Schnipp, schnapp, Krawatte ab: Der Richter gibt Alten Weibern nicht immer Recht
Der Schnitt in Krawattenseide kann auch vor dem Richter enden. Über Spaßbremsen und tief sitzende Motive.
Düsseldorf. Sie reisen in ein fremdes Land, mit dessen Sitten Sie nicht vertraut sind. In dem Geschäft, das Sie arglos betreten, fragt die Bedienung aber nicht nach Ihrem Begehr, sondern greift zur Schere und schneidet Ihnen die Krawatte ab. Eben das kann bekanntlich passieren, wenn das fremde Land die Karnevalshochburgen sind und gerade Altweiber, also heute, ist.

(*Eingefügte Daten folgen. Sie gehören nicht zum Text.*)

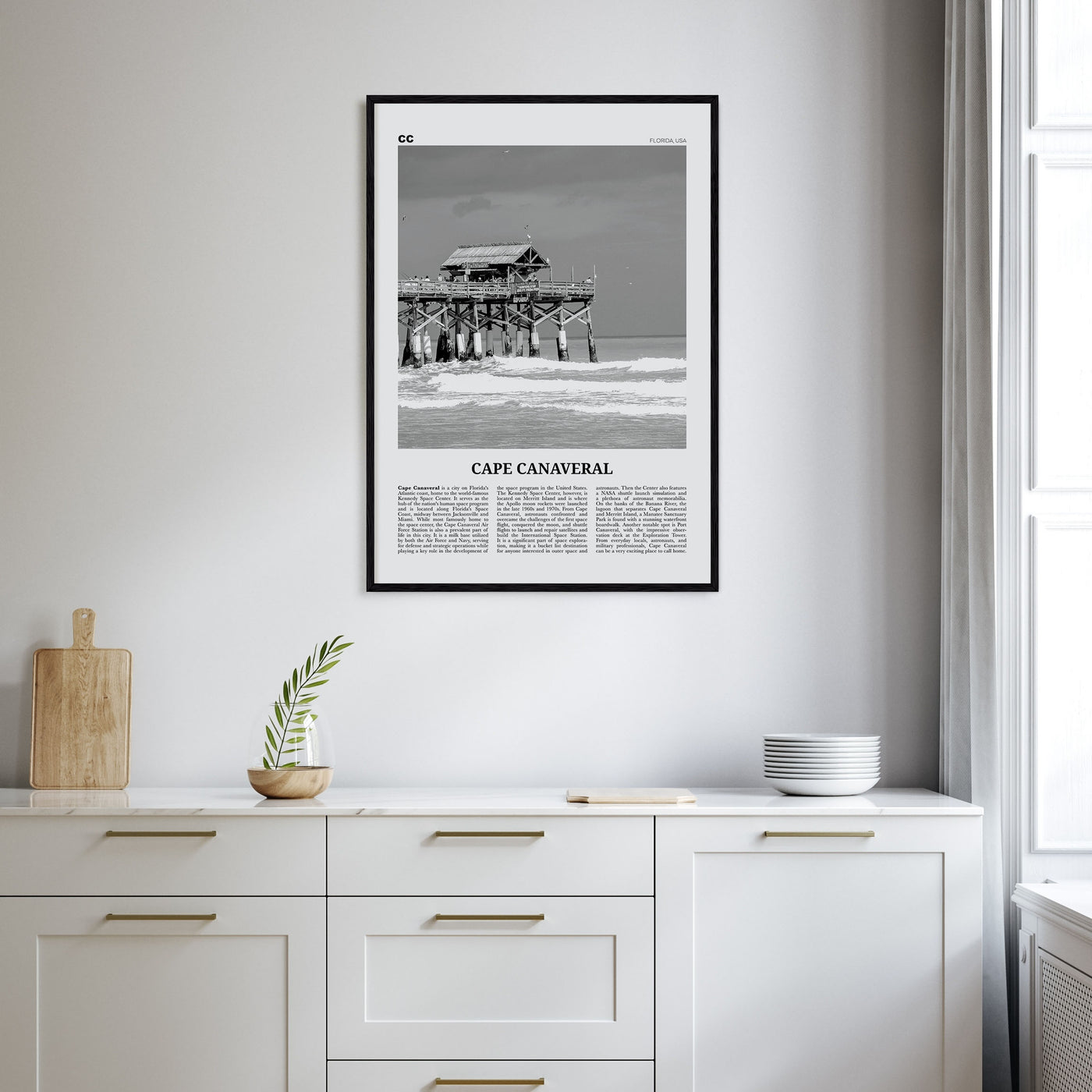 Cape Canaveral Travel B&W Poster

Freilich kann der Schlipsträger im Nachhinein Satisfaktion suchen. So hat 1988 ein Essener Amtsrichter einem Mann 40 Mark Schadensersatz zugesprochen, weil ihm die Angestellte eines Reisebüros die Krawatte zerteilt hatte. Ihre Argumentation, das sei eine uralte Sitte, verfing beim Richter nicht.
Die Herkunft dieses Brauches ist nicht ganz klar. Manche Psychologen sprechen von der Befriedigung tief sitzender weiblicher Kastrationswünsche. Andere sind zurückhaltender und deuten das Verhalten nur als symbolische Beschneidung männlicher Macht: Die Krawatte, einst Statussymbol des Vorgesetzten, wird abgeschnitten und damit der Statusunterschied wenigstens für ein paar Stunden eingeebnet.

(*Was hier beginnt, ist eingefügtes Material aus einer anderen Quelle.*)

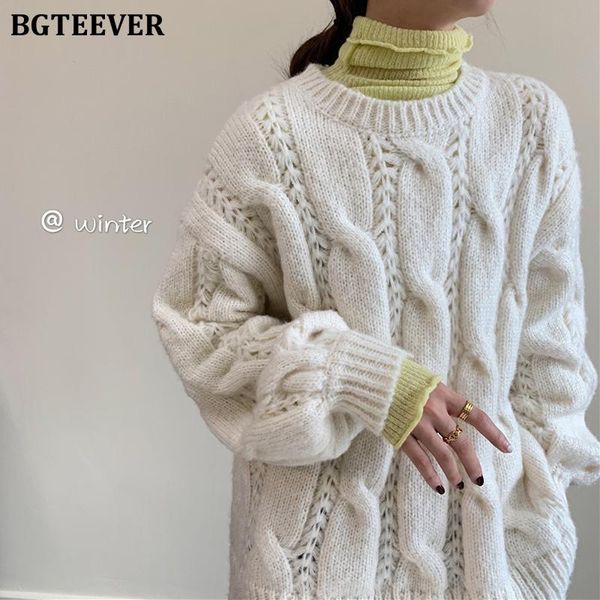 women's sweaters bgteever winter thick warm female twisted striped knitting long sleeve all-match loose casual white women sweater jum, White;black
women's sweaters bgteever winter thick warm female twisted striped knitting long sleeve all-match loose casual white women sweater jum, White;black
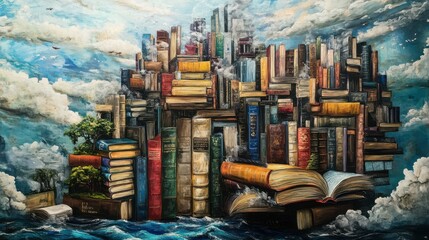 Wall Mural - world of books concept . mixed media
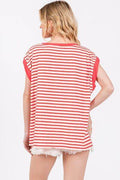 Ces Femme Side Slit Striped Cap Sleeve T-Shirt - Hovatok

Weil sich kaum ein weiterer Richterspruch zu dieser Frage findet, lässt sich folgern, dass der „Scherenschnitt“ im allgemeinen ohne juristische Folgen bleibt. Im Gegenteil: Jeder Kollege oder Chef, der heute Nachmittag noch mit intaktem Binder herumläuft, sollte sich fragen, ob vielleicht mit ihm etwas nicht stimmt.
A propos Chef: Dürfen Sie dem vielleicht heute eine ganz lange Pappnase zeigen und in die Kneipe statt zur Arbeit gehen? Natürlich nicht: Weder Altweiber noch Rosenmontag sind Ferientage. Wegbleiben darf man nur, wenn dies tarifvertraglich, im Arbeitsvertrag oder durch betriebliche Übung so geregelt ist.